What is Pro Touring?

What is Pro Touring?

Pro Touring. Many have tried to define it, and I’m sure many will continue to do so…whether you are new to the genre of car building or a grizzled veteran. Follow me down the rabbit hole and let’s see if we can make a dent. One of the first places many go to answer such questions is, of course, Google. Wikipedia is one of the first results to pop up, which states:

Credit for coining the term ‘Pro-Touring’ itself to define the emerging genre is widely attributed to Mark Stielow, GM Program Engineering Manager, and Car Craft magazine’s Tech Editor Jeff Smith, who was heading up Chevy High Performance magazine at the time. Mark Stielow can also take credit for helping grow the new concept through his own projects such as the white 1969 Chevrolet Camaro known as Tri-Tip that competed in the One Lap of America in 1993. The Camaro was widely covered and created a surge in interest, and once the term was put in print, it stuck.[2] Since that time, Stielow has built a number of trailblazing Chevrolet Camaros with names like “The Mule,” “Red Devil” and “Mayhem,” many of which have graced the covers of some of the industry’s most beloved publications, including Hot Rod magazine, Car Craft magazine, and Popular Hot Rodding magazine, further fueling the pro-touring trend.

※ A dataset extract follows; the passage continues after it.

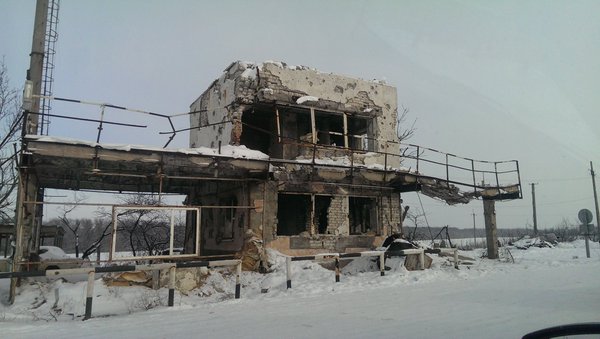 Як тепер виглядає захоплений КПП "Довжанський" на Луганщині (ФОТО) - фото 1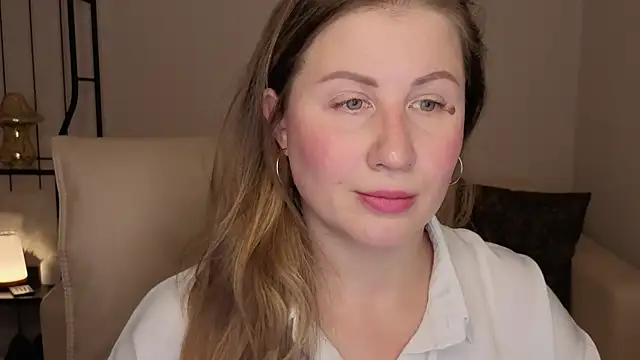 Helens love online show from October 9, 2:15 am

I guess I shouldn’t be surprised that legendary automotive scribe Jeff Smith was involved in coining the term. Never the less, it was it was a bit of a thrill to see Jeff’s name on Wikipedia. Not only did I grow up reading Jeff’s stories in Hot Rod and Car Craft, but I’m honored to call Jeff a colleague. For those who didn’t know, Jeff is still active in the Pro Touring scene as a long-time consultant to the Street Machine Nationals – helping to organize the multiple autocross courses and the stop box – dating back to his time at Car Craft.

The other usual suspect mentioned in the Wikipedia article should be familiar to any fans of Pro Touring. Even if you are not familiar with the car that started the craze, Mark Stielow went on to build many unbelievable first-gen Camaros while also playing a pivotal role in his day job to build the fastest factory Camaro to date.

After reading this article, I decided to email Jeff to see if he could shed some light on the etymology of “Pro Touring.” It’s rare that you have such accessibility to the person that created a term like this and thankfully he was able to go into full detail on how the term was coined:

Mark and I were together during a portion of Hot Rod’s Power Tour. I had just recently left Hot Rod and taken over as editor of Chevy High Performance in 1998. Mark and I were discussing the idea of his style of car that combined high performance with the concept that the car could be driven anywhere over long distances – doing exactly what he was doing with his Camaro. I was already a true believer, having done handling stories when I was tech editor at Car Craft in the early 1980s.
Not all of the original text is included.